YOUR TASK - Nothing in the entries may be altered; copy them in full.

━━ DATA EXTRACTS ━━

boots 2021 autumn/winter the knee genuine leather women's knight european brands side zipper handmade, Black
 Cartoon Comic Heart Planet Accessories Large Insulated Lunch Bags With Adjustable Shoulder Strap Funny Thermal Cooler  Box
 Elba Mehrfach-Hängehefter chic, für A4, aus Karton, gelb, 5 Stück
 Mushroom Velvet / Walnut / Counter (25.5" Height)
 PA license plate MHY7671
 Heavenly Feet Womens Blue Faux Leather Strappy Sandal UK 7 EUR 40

━━━

TASK RESPONSE -
boots 2021 autumn/winter the knee genuine leather women's knight european brands side zipper handmade, Black
 Cartoon Comic Heart Planet Accessories Large Insulated Lunch Bags With Adjustable Shoulder Strap Funny Thermal Cooler  Box
 Elba Mehrfach-Hängehefter chic, für A4, aus Karton, gelb, 5 Stück
 Mushroom Velvet / Walnut / Counter (25.5" Height)
 PA license plate MHY7671
 Heavenly Feet Womens Blue Faux Leather Strappy Sandal UK 7 EUR 40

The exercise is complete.